→ Task data:

───

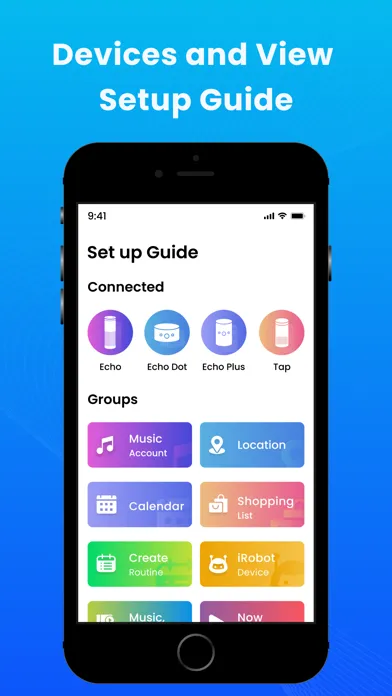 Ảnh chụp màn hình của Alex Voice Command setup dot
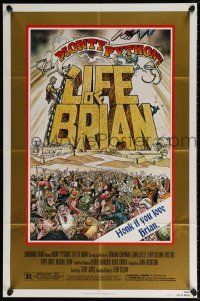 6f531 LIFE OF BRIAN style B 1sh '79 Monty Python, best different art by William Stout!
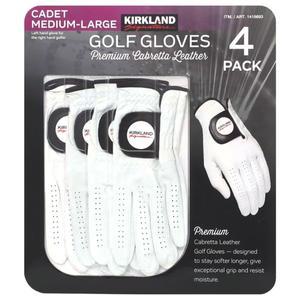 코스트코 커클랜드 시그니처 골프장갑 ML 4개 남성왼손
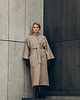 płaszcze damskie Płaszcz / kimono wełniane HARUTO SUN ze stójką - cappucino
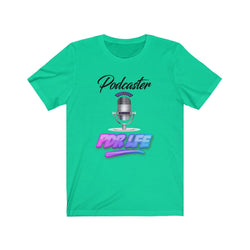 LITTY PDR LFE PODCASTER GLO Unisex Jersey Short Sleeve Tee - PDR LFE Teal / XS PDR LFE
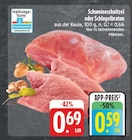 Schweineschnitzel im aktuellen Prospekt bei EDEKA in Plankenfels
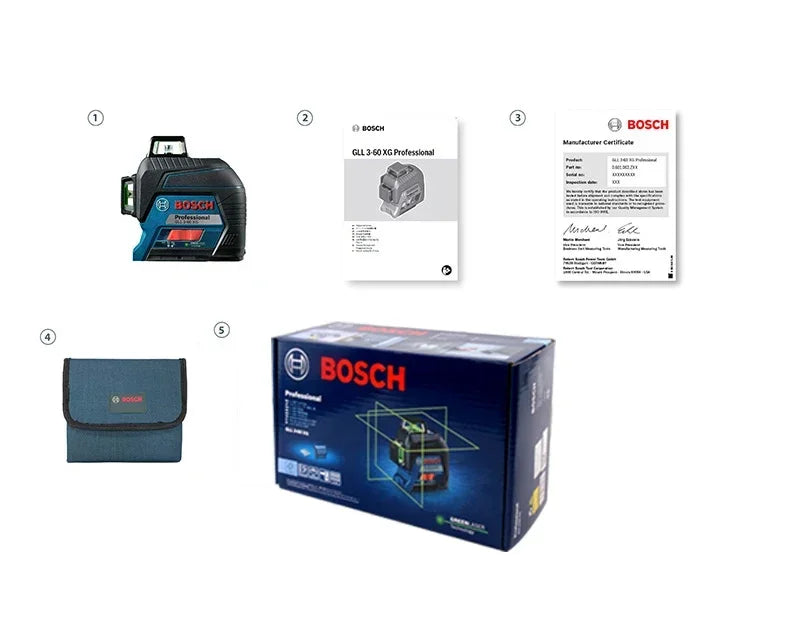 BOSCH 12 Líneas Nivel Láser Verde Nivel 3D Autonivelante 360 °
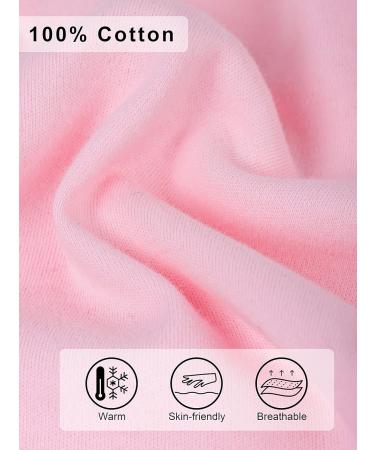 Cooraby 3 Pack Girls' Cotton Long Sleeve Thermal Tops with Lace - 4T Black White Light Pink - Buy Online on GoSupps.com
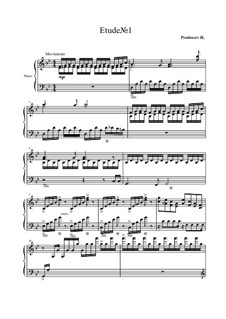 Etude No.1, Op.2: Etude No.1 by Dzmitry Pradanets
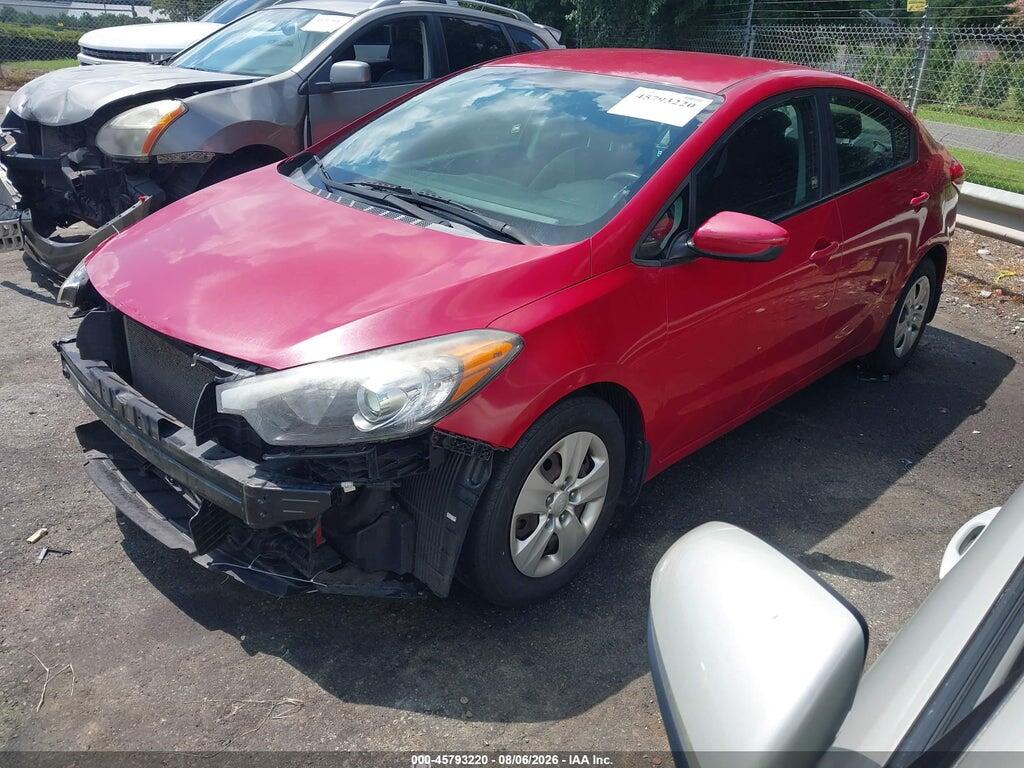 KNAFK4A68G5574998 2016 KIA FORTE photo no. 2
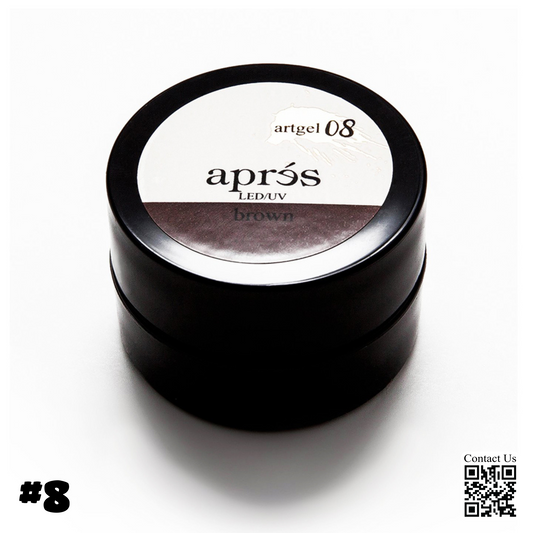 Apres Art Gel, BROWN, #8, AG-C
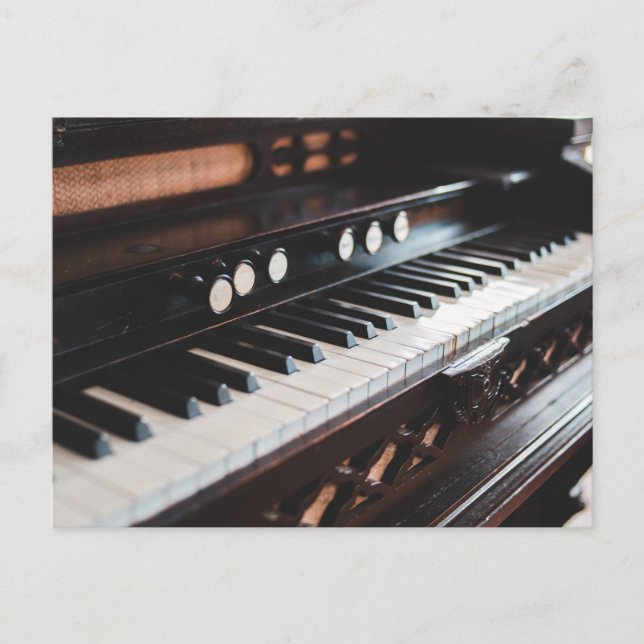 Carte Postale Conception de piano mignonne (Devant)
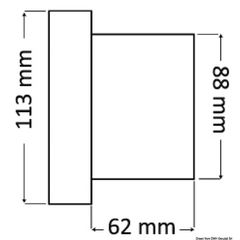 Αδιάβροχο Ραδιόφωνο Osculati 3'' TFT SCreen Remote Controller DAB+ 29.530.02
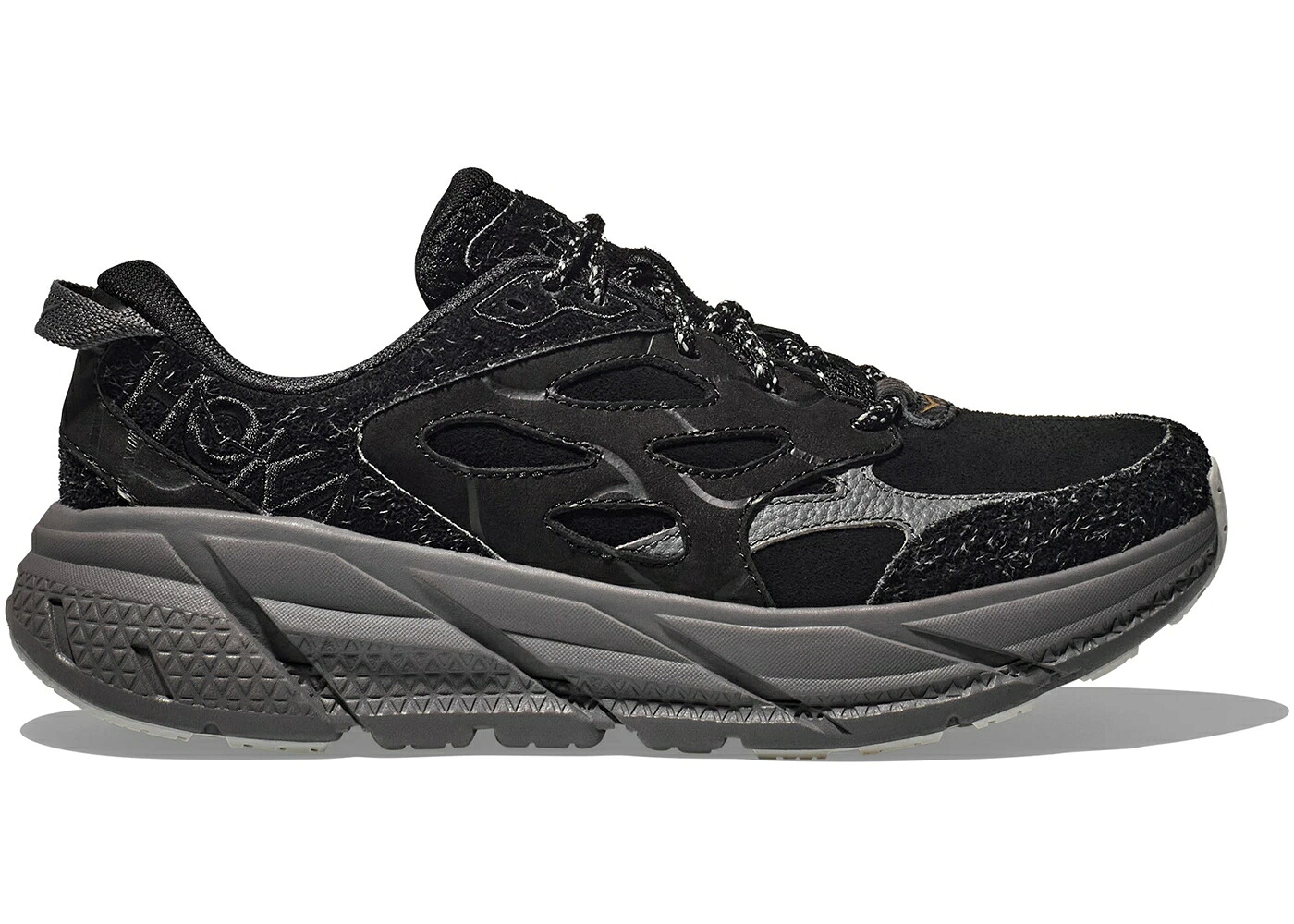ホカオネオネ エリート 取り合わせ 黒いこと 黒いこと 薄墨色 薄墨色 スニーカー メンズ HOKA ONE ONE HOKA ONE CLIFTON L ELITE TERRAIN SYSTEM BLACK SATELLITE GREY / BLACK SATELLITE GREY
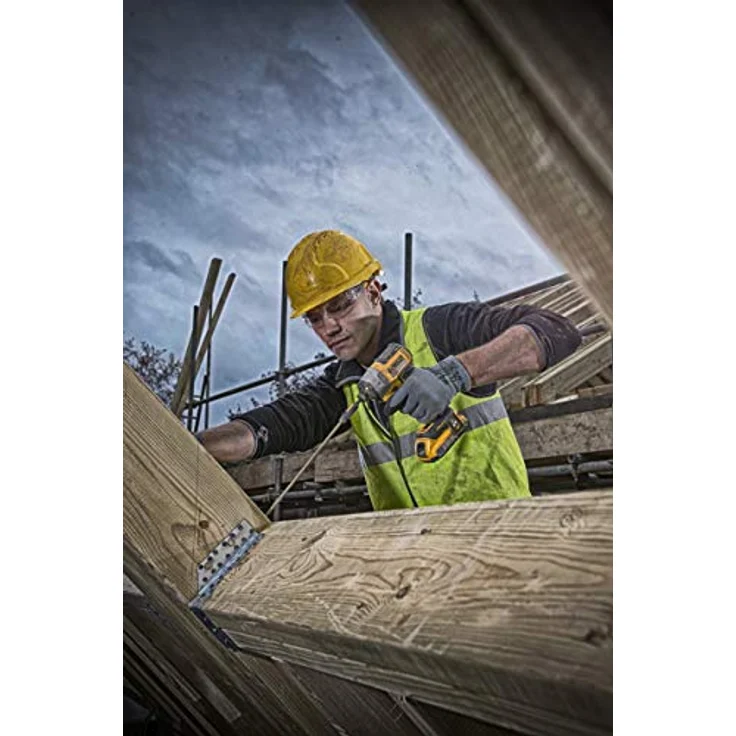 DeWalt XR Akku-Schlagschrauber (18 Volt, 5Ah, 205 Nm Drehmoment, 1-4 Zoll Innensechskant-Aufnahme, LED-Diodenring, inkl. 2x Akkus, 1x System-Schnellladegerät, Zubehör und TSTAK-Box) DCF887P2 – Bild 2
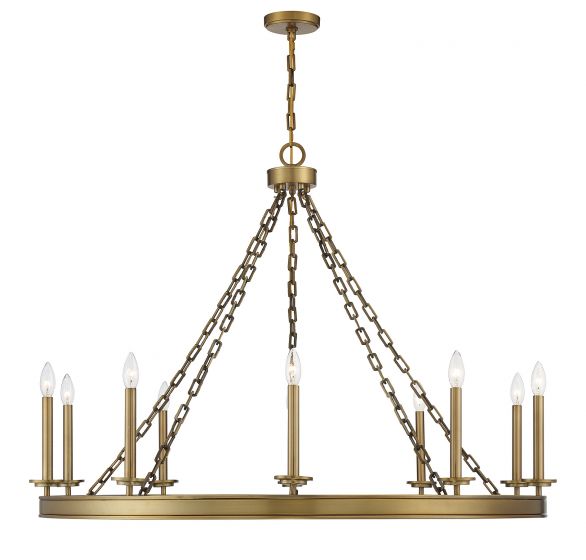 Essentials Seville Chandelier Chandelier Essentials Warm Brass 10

───

→ Try it:
The answer must be the part of the records that opens with the line containing "코스트코 커클랜드 시그니처 골프장갑 ML 4개 남성왼손" and closes with the line containing "ホカオネオネ エリート 取り合わせ", reproduced exactly, with no pictures.

→ Answer section:
 코스트코 커클랜드 시그니처 골프장갑 ML 4개 남성왼손
 płaszcze damskie Płaszcz / kimono wełniane HARUTO SUN ze stójką - cappucino
 LITTY PDR LFE PODCASTER GLO Unisex Jersey Short Sleeve Tee - PDR LFE Teal / XS PDR LFE
 Schweineschnitzel im aktuellen Prospekt bei EDEKA in Plankenfels
 BOSCH 12 Líneas Nivel Láser Verde Nivel 3D Autonivelante 360 °
 Cooraby 3 Pack Girls' Cotton Long Sleeve Thermal Tops with Lace - 4T Black White Light Pink - Buy Online on GoSupps.com
 Etude No.1, Op.2: Etude No.1 by Dzmitry Pradanets
 KNAFK4A68G5574998 2016 KIA FORTE photo no. 2
 Apres Art Gel, BROWN, #8, AG-C
 Carte Postale Conception de piano mignonne (Devant)
 Αδιάβροχο Ραδιόφωνο Osculati 3'' TFT SCreen Remote Controller DAB+ 29.530.02
ホカオネオネ エリート 取り合わせ 黒いこと 黒いこと 薄墨色 薄墨色 スニーカー メンズ HOKA ONE ONE HOKA ONE CLIFTON L ELITE TERRAIN SYSTEM BLACK SATELLITE GREY / BLACK SATELLITE GREY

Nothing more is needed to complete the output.